**PROBLEM STATEMENT:** Only the lines from the one with "Dogue allemand f fiorone - dogue, f." to the end of the data, both ends included, should be output, exactly as they stand and without pictures.

(Stored data)
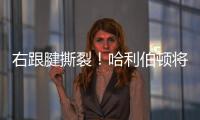 右跟腱撕裂	�！哈利伯顿将缺席2025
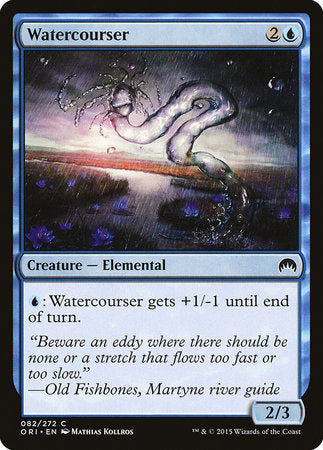 Watercourser [Magic Origins] | Mega City Incorporated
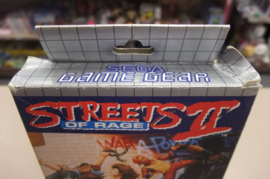 Game Gear Streets of Rage II (cib)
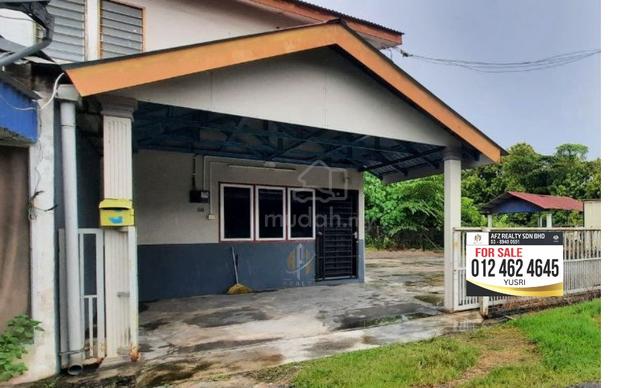 Taman 20 Rumah Corner Lot Tanah Tepi Luas 1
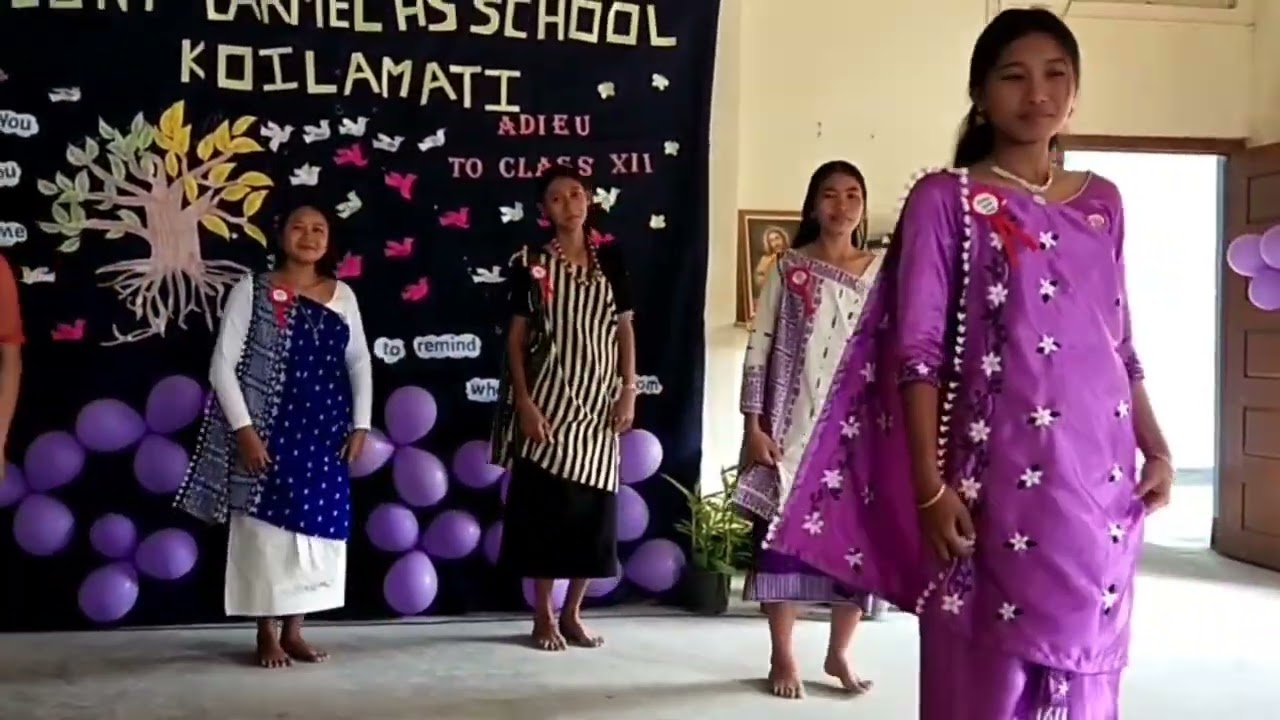 Glimpse of farewell to class XII 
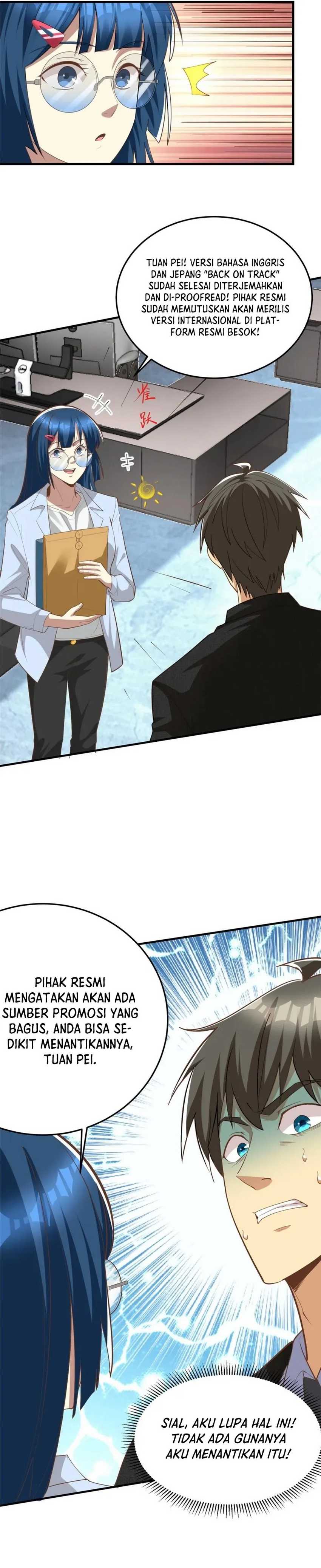 Losing Money to Be a Tycoon Chapter 145 Gambar 15
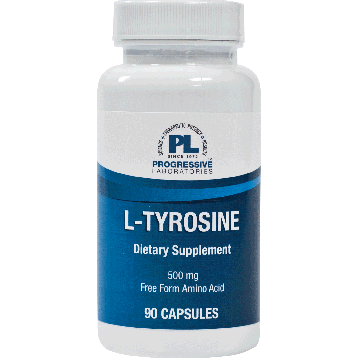 Progressive Labs L-Tyrosine 500 mg 90 caps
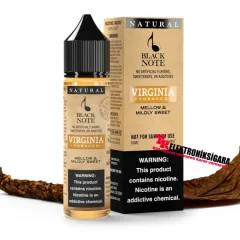 Black Note Virginia Tobacco 60ml Premium Likit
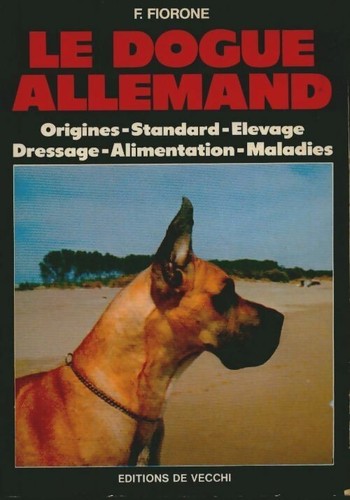 Dogue allemand f fiorone - dogue, f.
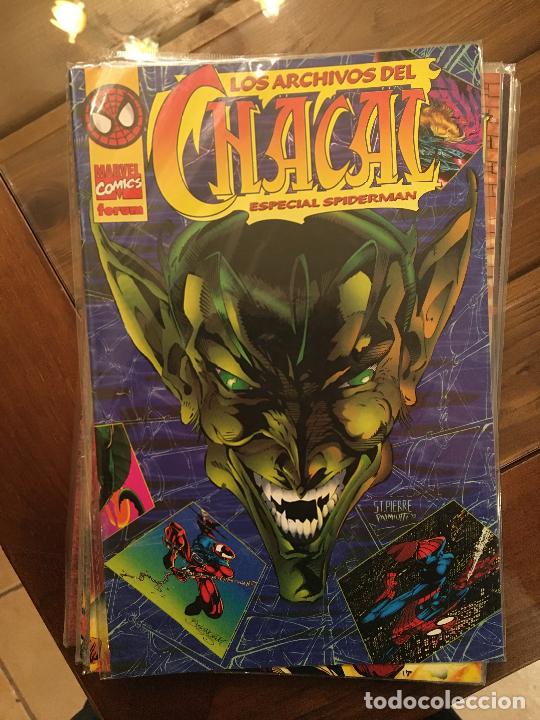C&oacute;mics: SPIDERMAN - LOS ARCHIVOS DEL CHACAL - FORUM - Foto 1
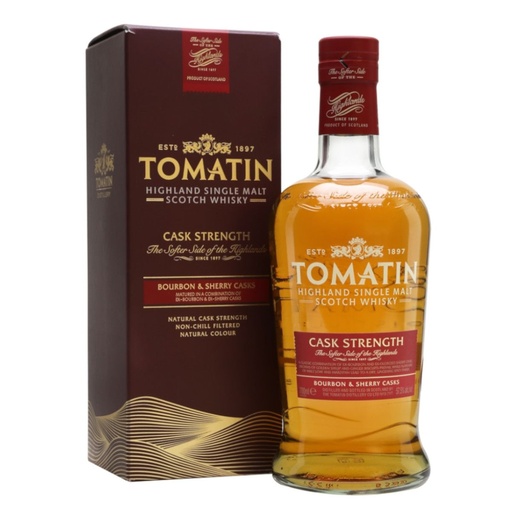 [WB1226.6] Tomatin Cask Strength 70cl 57,5º (R) GBX x6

**ANSWER TO THE EXERCISE:**
 Dogue allemand f fiorone - dogue, f.
C&oacute;mics: SPIDERMAN - LOS ARCHIVOS DEL CHACAL - FORUM - Foto 1
 [WB1226.6] Tomatin Cask Strength 70cl 57,5º (R) GBX x6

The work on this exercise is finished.